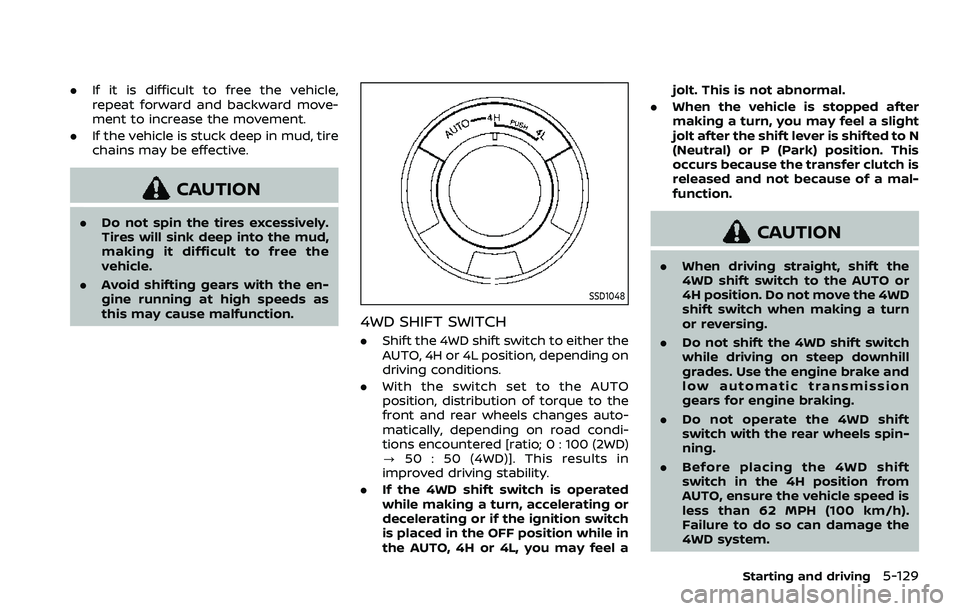 NISSAN ARMADA 2023  Owners Manual .If it is difficult to free the vehicle,
repeat forward and backward move-
ment to increase the movement.
. If the vehicle is stuck deep in mud, tire
chains may be effective.
CAUTION
.Do not spin the 
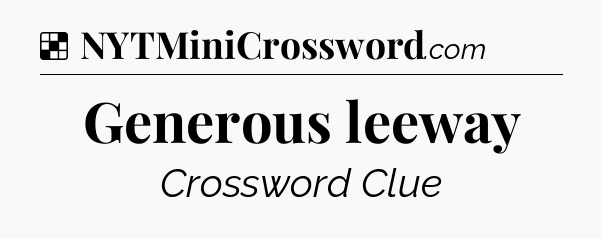 Solution: Generous leeway - NYT Crossword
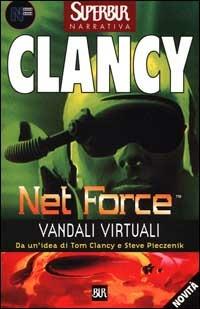 Net Force. Vandali virtuali - Tom Clancy - copertina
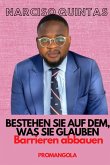 BESTEHEN SIE AUF DEM, WAS SIE GLAUBEN - Narciso Quintas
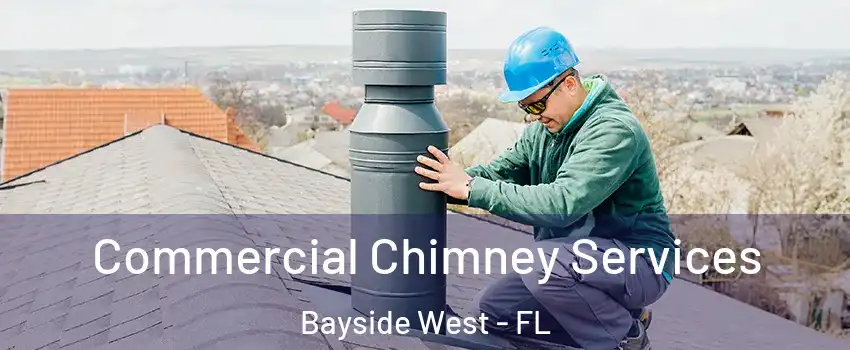 Commercial Chimney Services Bayside West - FL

→ **Exercise details**
Your copy should repeat each entry above exactly but contain no pictures.

→ **Reply to the exercise**
 NISSAN ARMADA 2023  Owners Manual .If it is difficult to free the vehicle,
repeat forward and backward move-
ment to increase the movement.
. If the vehicle is stuck deep in mud, tire
chains may be effective.
CAUTION
.Do not spin the 
 Solution: Generous leeway - NYT Crossword
 Net Force. Vandali virtuali - Tom Clancy - copertina
 BESTEHEN SIE AUF DEM, WAS SIE GLAUBEN - Narciso Quintas
 Commercial Chimney Services Bayside West - FL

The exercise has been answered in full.